The ambassadors of 10 countries, namely the United States, Canada, Germany, France, the Netherlands, Denmark, Norway, Sweden, Finland and New Zealand, made a joint statement on Oct. 18 calling for the release of Osman Kavala, a Turkish businessperson, accused of organizing the Gezi Park protests in 2013 and involvement in the failed July 15 coup attempt in 2016. This statement caused high tension in the Turkish government.
As a reaction, on Oct. 19, the Turkish Foreign Ministry summoned the ambassadors for their irresponsible statement and accused them of intervening in Turkish domestic affairs.

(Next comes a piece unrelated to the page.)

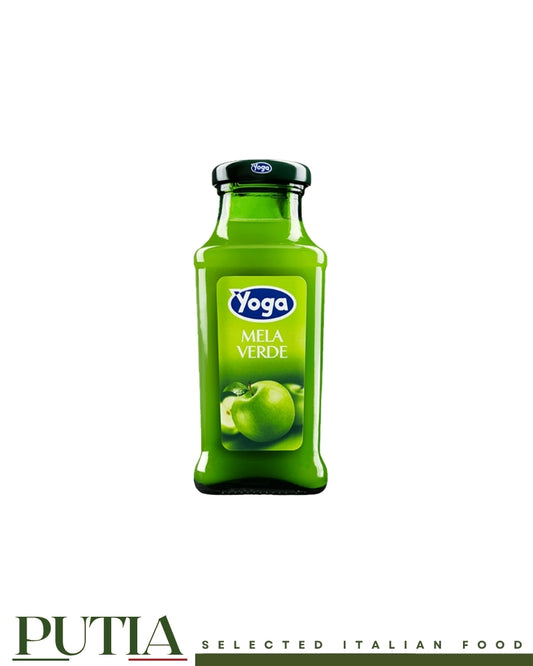 Yoga Mela Verde Green Apple Fruit Juice 200ml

President Recep Tayyip Erdoğan announced that he had instructed the Foreign Ministry to declare the very envoys as persona non grata for violating the Vienna Convention.
The 10 embassies later stated on their social media accounts that they abide by the Vienna Convention regulating diplomatic relations. On Oct. 26, the U.S. Embassy issued an explanation, stating: “In response to questions regarding the Statement of Oct. 18, the United States notes that it maintains compliance with Article 41 of the Vienna Convention on Diplomatic relations.” While some embassies followed the same course and issued similar explanations, others retweeted the American Embassy’s tweet.
Erdoğan welcomed the statements of the embassies but warned that similar actions will not be repeated and pointed out that everybody will learn how to speak to Turkey. And for now, it seems that the crisis is over.
When we analyze the joint statement and the subsequent developments, we can infer the following points. First of all, the statement was a clear violation of Article 41 of the Vienna Convention, which calls on the diplomats not to interfere in the domestic affairs of the country they work in. Unfortunately, this is yet another indication of the breach of the international system by Western countries.
Second, the statement was a clear political step taken by some Western countries aiming to chasten Turkey. They want to determine the main orientation of Turkish foreign policy, similar to the Cold War period. It seems that they do not accept that the Soviet Union, the main threat to the Western world, collapsed three decades ago and the Cold War period is over.
Furthermore, leading Western countries have been maintaining a paradoxical relationship with Ankara. On the one hand, they continue to use a hierarchical, peremptory and otherizing language with Turkey. On the other hand, they do not want Turkey to have closer relations with other global powers such as Russia. However, they have to accept that this alienating language is counterproductive. The more they otherize Turkey, the more Turkey has to improve strategic relations with non-Western countries.
Third, Western countries have lost their superiority to set the rules of the current international system. Most international organizations do not serve the interest of Western countries anymore. Recently, Western countries have remained indifferent to the rules and norms of international institutions, most of which were established by them. The U.N. and many of its specialized agencies such as the World Trade Organization (WTO) serve the interests of non-Western powers such as China, rather than that of the U.S. Therefore, they cannot expect other, non-Western countries to abide by the rules and norms that they do not respect anymore.
Western countries increasingly violate the main rules and principles of international law and international regimes. For instance, Western countries not only remain indifferent to violations of basic human rights but also break the laws both in their respective countries – as seen with the rise of the ultra-right and increasing xenophobia – and in other states, with moves like unilateral interventions. The reaction of the U.S, which recognizes the annexation of the Golan Heights, to the annexation of the Crimean Peninsula cannot be credible and a deterrent.
Fourth, Western countries insistently remain indifferent to security concerns and threat perceptions of other countries such as Turkey. The leading Western countries have been supporting anti-Turkish states and political actors militarily, diplomatically and economically. Unfortunately, Turkey’s existence in the same alliance with Western countries has begun to lose its meaning.
The relationship between Turkey and Western countries has recently faced many tests. The deep historical, political and economic relations between the two sides cannot be overlooked. A new type of relationship based on rational calculations should be established between Turkey and Western countries, which are still interdependent on one another. The sleepy ground of the current unstable international system requires Western countries to abandon the current wave of political discourse dominating the Western world that urges them to pursue ideological foreign policies and redefine their relations with their traditional partners such as Turkey.